Mereka menyapaku, dari seorang perempuan tak kukenal, pria yang menjadi pelatih, lalu dua orang pria yang berusaha membuatku tersadar. Tetap berada di sisiku berada, atau aku yang berusaha mengikuti arahan mereka.
"Nona, kau bisa memulainya." Pak Yoanto menjulurkan salah satu tangannya ke depan agar aku lebih fokus dan tanggap akan panggilan terhadap pembelajaran hari ini.
Ini sudah seperti pelatihan khusus, akhirnya aku benar-benar terpanggil.
Karena formal, aku ikut petunjuk mereka semua. Dari membuka pintu mobil di posisi kemudi, lalu duduk dengan posisi nyaman. Pak Yoanto duduk di sampingku, kali ini kami bergantian posisi.
Akulah yang akan menjadi pengemudi pemula saat ini. Dia terus mengatakannya, tetapi pria tadi malah mengetuk pintu jendela karena aku tidak juga menyalakan mesin.

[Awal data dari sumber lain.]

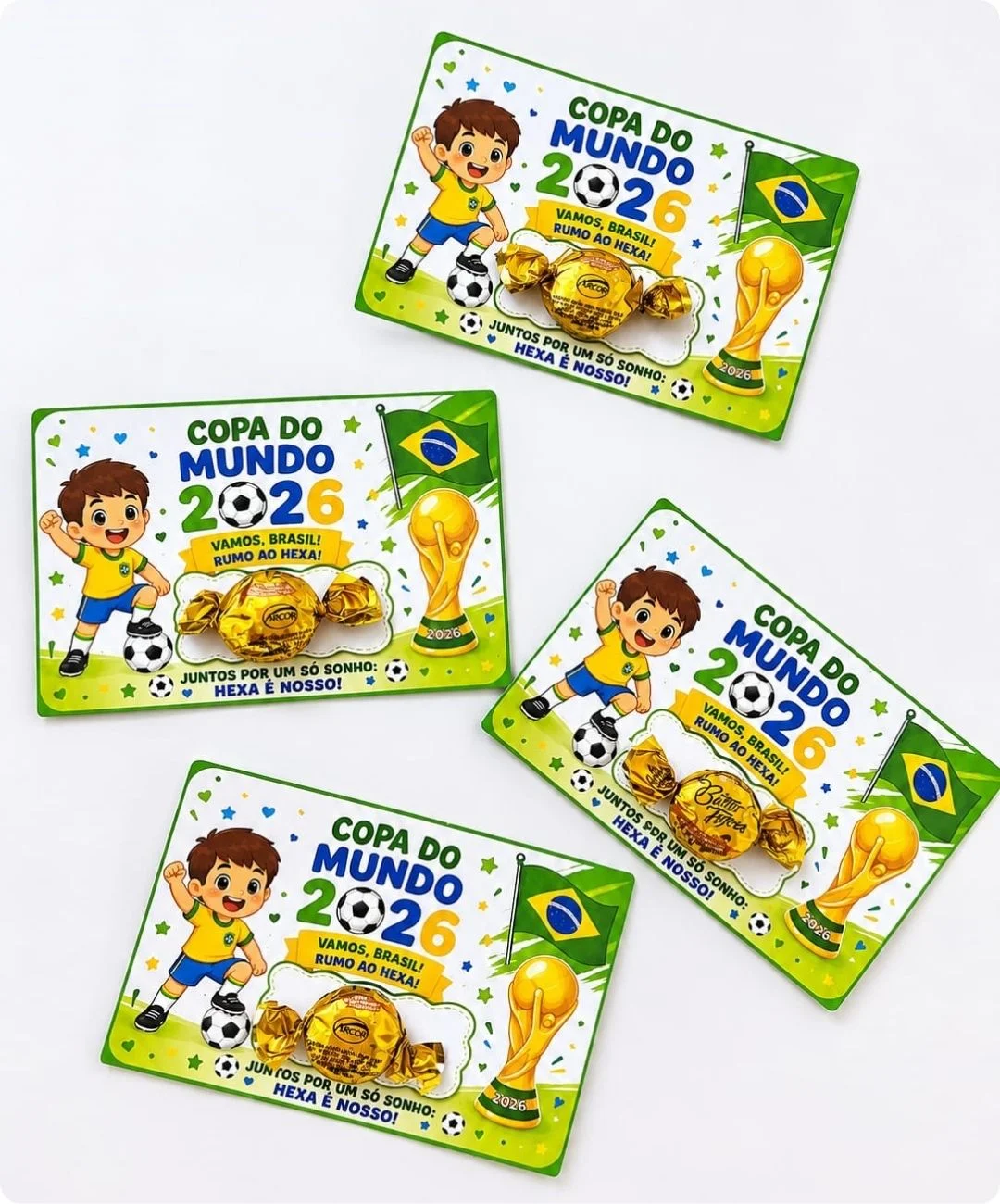 Cartão da Copa para imprimir — Educação Infantil e Fundamental — amostra 2: O que está incluído no PDF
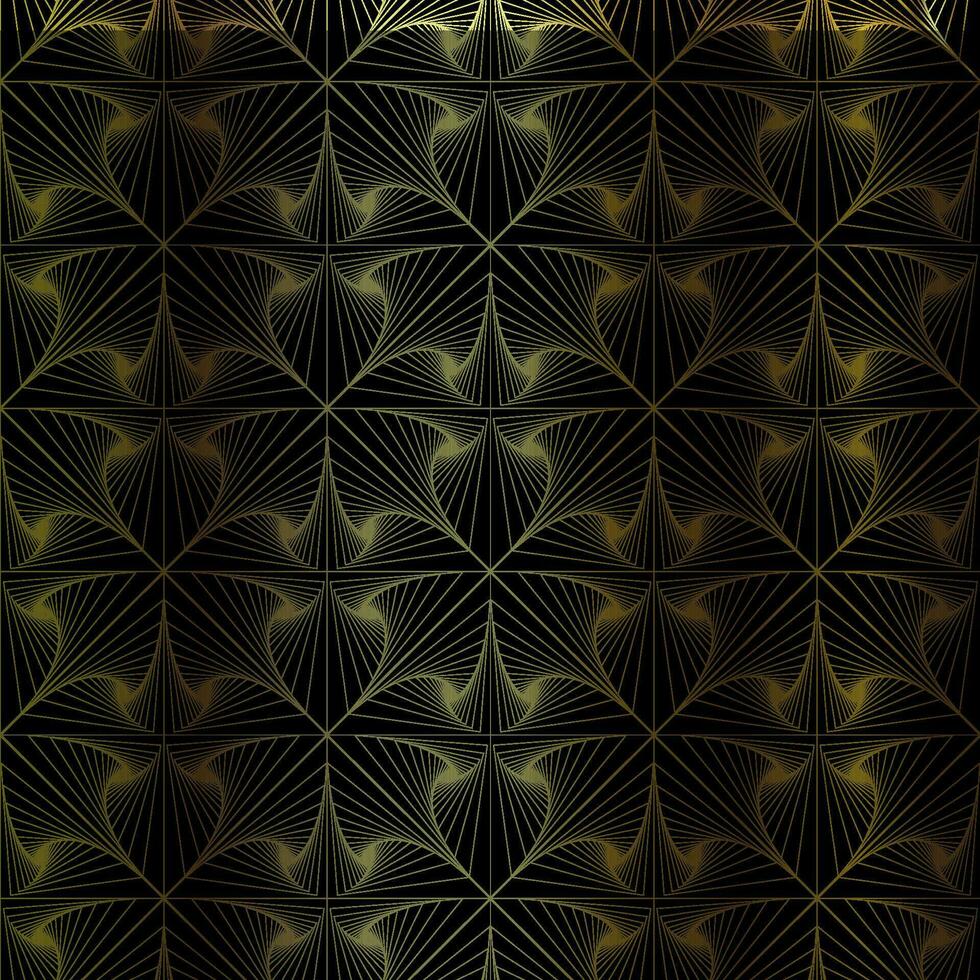 abstract gold and black pattern design vector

Maka, pak Yoanto keluar begitu saja dari mobil ini. Aku hanya terfokus dan diam ketika pria tadi menggantikan posisi pak Yoanto. "Nah, biar aku yang ngawasin kamu jadi kemudi, Neng," ucap pria tadi.
Aku meranggul dan harus memaksa senyuma. Karena intruksi yang diberikan, tanganku sontak merangkak untuk ke arah kunci dan menggesernya. Ini bukan mobil keren, semua dibutuhkan dan mengawalinya secara manual.
Kakiku menginjak pedal gas ragu-ragu, tetapi si pria di sampingku malah mendorong dua tangannya untuk membuatku merasa tenang. "Pelan—"
"Pelan, pelan aja ya, Neng! Nggak usah terburu-buru kalo lagi pemula. Ntar lama-lama juga bisa gesit sendiri kok."
Dia sedikit bercanda. Mana bisa bercanda ketika diriku sedang serius? Sementara aku penuh dengan ketegangan antara keringat dan fokus ke jalanan.
Aku terus mengulanginya lagi dan lagi. Injak pedal, berhenti, maju, mundur, melakukannya secara terus-menerus. Sampai waktu ini berputar dengan sendirinya. Kebosanan menghantui diriku dan mereka.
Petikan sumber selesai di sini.